Short descriptive text snippets
# # # # # # #

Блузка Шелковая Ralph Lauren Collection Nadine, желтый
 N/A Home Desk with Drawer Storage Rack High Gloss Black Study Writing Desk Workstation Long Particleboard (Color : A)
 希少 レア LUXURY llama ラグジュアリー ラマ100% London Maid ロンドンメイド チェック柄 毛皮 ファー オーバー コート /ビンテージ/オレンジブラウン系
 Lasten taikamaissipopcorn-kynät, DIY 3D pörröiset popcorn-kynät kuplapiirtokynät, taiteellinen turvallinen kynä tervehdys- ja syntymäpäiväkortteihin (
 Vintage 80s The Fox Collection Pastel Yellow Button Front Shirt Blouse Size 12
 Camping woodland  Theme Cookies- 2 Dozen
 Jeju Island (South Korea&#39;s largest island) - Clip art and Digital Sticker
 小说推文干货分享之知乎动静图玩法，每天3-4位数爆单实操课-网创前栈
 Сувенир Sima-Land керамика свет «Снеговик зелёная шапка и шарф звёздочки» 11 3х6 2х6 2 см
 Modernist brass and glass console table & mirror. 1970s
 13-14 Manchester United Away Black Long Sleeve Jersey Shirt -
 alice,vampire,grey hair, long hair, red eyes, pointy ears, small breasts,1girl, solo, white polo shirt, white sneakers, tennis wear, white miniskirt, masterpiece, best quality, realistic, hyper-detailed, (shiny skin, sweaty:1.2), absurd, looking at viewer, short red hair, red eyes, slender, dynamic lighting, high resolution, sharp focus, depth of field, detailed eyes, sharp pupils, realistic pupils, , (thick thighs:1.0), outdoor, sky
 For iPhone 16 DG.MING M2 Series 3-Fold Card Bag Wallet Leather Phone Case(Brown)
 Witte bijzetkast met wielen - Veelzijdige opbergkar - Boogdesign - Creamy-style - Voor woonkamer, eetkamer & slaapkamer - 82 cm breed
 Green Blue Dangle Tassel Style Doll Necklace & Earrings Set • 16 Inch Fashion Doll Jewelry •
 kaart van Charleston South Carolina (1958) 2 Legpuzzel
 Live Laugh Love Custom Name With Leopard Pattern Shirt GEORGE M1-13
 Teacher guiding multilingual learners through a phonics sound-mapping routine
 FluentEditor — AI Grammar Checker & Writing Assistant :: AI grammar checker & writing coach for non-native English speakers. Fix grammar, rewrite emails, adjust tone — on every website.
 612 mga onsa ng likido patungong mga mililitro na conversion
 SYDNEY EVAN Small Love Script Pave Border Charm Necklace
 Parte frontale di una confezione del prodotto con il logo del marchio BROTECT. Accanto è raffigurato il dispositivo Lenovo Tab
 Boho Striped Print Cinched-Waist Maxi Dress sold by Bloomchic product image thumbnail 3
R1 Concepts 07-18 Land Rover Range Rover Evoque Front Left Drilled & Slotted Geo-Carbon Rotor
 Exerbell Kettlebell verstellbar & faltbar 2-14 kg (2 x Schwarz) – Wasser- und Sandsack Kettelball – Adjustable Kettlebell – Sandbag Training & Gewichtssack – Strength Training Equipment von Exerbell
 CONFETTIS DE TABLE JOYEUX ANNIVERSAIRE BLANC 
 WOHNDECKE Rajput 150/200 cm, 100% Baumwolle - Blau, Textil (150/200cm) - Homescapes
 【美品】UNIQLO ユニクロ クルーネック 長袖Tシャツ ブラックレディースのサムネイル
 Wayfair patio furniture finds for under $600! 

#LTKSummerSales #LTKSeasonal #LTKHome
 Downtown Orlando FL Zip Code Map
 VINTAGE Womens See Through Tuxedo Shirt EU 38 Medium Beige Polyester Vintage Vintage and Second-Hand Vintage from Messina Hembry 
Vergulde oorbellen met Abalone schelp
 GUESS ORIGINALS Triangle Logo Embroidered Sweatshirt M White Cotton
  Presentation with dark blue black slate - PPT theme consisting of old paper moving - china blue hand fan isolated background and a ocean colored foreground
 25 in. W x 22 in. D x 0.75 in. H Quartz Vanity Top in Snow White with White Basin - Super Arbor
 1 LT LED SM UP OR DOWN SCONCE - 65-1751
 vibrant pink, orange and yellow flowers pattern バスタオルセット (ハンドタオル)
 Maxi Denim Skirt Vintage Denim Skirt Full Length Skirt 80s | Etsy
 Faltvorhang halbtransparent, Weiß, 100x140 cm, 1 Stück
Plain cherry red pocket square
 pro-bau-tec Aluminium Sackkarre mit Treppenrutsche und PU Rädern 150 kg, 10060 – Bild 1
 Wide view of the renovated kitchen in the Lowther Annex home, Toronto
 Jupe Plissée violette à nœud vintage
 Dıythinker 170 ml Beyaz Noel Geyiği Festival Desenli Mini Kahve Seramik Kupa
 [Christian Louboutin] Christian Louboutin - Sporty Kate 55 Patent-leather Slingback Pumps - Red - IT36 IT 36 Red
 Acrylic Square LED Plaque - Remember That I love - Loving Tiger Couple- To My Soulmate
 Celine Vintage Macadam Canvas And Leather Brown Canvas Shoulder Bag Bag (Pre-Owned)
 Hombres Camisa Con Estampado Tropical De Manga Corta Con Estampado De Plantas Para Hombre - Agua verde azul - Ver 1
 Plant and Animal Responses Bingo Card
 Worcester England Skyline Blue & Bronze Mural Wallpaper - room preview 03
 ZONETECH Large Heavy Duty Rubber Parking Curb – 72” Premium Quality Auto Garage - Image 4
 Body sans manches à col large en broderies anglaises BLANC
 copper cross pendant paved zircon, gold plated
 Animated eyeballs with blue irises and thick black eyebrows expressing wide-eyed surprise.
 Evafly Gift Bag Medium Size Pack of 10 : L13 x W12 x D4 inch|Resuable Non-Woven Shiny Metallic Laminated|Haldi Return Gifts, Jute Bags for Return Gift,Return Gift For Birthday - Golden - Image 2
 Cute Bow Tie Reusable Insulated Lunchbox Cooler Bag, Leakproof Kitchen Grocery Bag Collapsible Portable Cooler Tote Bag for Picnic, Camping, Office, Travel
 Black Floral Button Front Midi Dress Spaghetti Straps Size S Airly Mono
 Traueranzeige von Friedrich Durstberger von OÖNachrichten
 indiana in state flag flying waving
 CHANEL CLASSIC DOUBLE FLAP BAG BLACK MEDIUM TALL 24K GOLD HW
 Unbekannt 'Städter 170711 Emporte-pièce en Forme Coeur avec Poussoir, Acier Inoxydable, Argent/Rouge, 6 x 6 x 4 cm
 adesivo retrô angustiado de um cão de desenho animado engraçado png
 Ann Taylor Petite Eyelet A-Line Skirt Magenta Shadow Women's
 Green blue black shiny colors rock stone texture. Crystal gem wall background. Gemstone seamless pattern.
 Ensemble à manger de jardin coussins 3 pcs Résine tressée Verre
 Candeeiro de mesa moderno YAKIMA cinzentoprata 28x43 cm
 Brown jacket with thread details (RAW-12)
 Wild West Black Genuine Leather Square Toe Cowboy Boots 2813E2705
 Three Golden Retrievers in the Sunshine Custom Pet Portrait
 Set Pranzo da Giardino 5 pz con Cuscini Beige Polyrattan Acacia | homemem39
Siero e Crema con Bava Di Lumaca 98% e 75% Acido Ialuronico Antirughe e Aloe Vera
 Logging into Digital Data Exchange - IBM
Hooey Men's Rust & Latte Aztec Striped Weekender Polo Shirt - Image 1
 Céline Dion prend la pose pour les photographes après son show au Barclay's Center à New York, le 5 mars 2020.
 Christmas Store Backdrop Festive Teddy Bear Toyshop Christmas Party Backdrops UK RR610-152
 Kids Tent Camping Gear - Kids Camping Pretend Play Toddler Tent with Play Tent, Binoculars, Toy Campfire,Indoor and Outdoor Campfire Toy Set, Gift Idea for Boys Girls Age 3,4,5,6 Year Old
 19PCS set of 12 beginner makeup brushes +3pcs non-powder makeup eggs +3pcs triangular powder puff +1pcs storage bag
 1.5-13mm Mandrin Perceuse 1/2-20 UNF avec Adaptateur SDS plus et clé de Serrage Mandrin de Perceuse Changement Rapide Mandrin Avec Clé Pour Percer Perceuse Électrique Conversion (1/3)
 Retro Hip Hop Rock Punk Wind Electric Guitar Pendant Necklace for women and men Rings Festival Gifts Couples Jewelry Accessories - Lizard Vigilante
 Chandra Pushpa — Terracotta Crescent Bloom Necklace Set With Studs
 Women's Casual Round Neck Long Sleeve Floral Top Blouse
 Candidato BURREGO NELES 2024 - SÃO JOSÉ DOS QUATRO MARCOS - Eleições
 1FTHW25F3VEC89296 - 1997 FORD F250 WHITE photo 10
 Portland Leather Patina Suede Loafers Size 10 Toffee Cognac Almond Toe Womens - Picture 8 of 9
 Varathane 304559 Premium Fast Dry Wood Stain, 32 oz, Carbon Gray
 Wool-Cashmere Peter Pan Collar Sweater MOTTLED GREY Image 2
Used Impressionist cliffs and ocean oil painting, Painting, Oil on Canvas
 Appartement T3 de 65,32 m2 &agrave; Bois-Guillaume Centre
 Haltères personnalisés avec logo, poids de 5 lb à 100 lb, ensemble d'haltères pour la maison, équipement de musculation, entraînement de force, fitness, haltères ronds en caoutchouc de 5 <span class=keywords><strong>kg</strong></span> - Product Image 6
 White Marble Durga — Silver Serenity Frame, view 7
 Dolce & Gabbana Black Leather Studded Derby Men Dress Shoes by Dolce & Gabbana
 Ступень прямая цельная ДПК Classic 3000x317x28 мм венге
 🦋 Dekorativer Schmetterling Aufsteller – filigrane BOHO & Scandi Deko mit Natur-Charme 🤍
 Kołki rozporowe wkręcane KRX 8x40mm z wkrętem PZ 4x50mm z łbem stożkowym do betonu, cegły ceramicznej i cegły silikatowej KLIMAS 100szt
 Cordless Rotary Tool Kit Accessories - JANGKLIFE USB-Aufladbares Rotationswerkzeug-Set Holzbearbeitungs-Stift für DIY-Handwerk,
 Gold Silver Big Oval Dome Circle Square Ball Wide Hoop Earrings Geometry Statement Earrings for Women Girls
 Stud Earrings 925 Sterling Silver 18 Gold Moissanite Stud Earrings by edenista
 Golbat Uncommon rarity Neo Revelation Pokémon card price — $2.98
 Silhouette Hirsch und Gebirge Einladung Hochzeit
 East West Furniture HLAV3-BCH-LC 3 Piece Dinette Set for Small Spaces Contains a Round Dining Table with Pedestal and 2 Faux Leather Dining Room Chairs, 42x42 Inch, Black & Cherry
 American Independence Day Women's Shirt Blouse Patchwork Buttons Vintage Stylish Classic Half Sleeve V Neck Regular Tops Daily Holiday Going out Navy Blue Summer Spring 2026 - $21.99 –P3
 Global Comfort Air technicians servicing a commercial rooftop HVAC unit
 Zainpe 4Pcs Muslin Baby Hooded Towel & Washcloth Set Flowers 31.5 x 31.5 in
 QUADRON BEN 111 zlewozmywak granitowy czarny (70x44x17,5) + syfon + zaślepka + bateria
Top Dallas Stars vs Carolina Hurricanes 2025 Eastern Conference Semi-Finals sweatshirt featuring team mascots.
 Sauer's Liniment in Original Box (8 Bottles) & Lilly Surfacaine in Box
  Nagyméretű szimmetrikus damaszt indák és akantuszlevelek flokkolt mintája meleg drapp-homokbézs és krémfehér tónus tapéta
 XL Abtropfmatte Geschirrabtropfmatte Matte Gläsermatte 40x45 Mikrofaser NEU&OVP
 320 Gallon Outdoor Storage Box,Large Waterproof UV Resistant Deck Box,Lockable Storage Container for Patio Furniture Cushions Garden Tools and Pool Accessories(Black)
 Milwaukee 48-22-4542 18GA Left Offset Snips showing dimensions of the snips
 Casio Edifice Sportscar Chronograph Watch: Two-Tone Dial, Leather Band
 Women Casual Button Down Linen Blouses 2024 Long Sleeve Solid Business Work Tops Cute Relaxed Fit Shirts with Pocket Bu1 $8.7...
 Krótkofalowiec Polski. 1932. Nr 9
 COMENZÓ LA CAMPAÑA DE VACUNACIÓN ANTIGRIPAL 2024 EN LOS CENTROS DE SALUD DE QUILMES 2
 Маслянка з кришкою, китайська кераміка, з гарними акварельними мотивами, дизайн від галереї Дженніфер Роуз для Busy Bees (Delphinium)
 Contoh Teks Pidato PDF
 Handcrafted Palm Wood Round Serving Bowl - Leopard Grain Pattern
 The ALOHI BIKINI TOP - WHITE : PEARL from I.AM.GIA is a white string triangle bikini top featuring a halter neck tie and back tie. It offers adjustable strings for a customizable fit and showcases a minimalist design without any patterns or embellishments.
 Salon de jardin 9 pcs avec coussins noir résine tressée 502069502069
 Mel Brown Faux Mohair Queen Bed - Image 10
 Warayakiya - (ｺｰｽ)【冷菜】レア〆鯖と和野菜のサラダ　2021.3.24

# # # # # # #

### WHAT IS REQUIRED
Quote exactly the first line of the entries and every line after it, stopping with the line that contains "Vintage 80s The".

### PROBLEM SOLUTION
Блузка Шелковая Ralph Lauren Collection Nadine, желтый
 N/A Home Desk with Drawer Storage Rack High Gloss Black Study Writing Desk Workstation Long Particleboard (Color : A)
 希少 レア LUXURY llama ラグジュアリー ラマ100% London Maid ロンドンメイド チェック柄 毛皮 ファー オーバー コート /ビンテージ/オレンジブラウン系
 Lasten taikamaissipopcorn-kynät, DIY 3D pörröiset popcorn-kynät kuplapiirtokynät, taiteellinen turvallinen kynä tervehdys- ja syntymäpäiväkortteihin (
 Vintage 80s The Fox Collection Pastel Yellow Button Front Shirt Blouse Size 12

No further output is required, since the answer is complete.